Acharnaikos
- Full name: Athlitikos Omilos Acharnaikos
- Founded: 1939; 87 years ago as Panthiras Menidiou
- Ground: Acharnes Stadium
- Capacity: 4,450
- Chairman: Giorgos Gkamaris
- Manager: Petros Dimitriou
- League: Gamma Ethniki
- 2025–26: East Attica FCA First Division, 1st (promoted)
| Home colours | Away colours |

= Acharnaikos F.C. =

Acharnaikos Football Club (Α.Ο. Αχαρναϊκός) is a Greek football club based in Acharnes (Menidi area), Athens, Greece. It was founded in 1939 as Panthiras Menidiou. The club was known as Yperochi Menidi until 1961. It plays in Acharnes Stadium, which has a 4,450 seating capacity.
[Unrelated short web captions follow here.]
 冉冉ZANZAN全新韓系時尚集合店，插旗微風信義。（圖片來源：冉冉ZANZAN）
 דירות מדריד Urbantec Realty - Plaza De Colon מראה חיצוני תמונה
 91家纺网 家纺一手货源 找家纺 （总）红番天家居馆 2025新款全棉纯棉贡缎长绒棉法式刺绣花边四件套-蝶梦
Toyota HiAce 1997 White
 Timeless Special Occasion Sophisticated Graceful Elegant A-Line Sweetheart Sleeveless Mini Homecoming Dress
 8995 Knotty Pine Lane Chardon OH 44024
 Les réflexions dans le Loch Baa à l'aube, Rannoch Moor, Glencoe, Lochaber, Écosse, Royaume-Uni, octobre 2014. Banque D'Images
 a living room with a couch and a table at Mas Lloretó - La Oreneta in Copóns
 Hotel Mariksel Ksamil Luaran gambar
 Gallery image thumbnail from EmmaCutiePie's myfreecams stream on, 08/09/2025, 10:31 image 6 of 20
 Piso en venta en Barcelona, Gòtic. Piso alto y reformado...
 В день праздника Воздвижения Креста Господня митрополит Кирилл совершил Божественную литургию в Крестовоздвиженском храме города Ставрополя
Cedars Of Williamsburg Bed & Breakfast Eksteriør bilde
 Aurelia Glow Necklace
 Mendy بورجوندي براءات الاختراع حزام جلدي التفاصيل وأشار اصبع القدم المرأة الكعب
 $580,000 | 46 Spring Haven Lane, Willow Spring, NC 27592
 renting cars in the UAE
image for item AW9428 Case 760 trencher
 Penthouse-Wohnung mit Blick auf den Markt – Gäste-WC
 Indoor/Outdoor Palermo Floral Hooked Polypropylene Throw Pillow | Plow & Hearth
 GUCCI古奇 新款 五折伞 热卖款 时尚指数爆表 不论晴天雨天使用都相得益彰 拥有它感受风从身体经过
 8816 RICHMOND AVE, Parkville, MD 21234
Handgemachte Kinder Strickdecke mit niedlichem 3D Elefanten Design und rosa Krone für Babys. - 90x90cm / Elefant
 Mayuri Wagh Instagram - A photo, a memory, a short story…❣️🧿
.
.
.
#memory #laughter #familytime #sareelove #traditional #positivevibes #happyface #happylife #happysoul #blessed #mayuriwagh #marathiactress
The club's logo is a cloverleaf with two alphas in the left and top and an omicron at the right.

==History==

The club's history began in 1939 with the foundation of "Panthiras Menidiou". In 1957, seeking to participate in the official championships of the Athens Football Clubs Association, the club's board decided to absorb the charter and name of the club "Yperochi Neapoleos", located in the Neapoli neighborhood of Exarcheia; the merger took place on 1 September 1957. On 22 February 1959, operating under the name "Yperochi Neapoleos", it was renamed "Yperochi Menidiou". In 1961, it adopted its current historic name, "Acharnaikos A.O.", which the club has retained ever since.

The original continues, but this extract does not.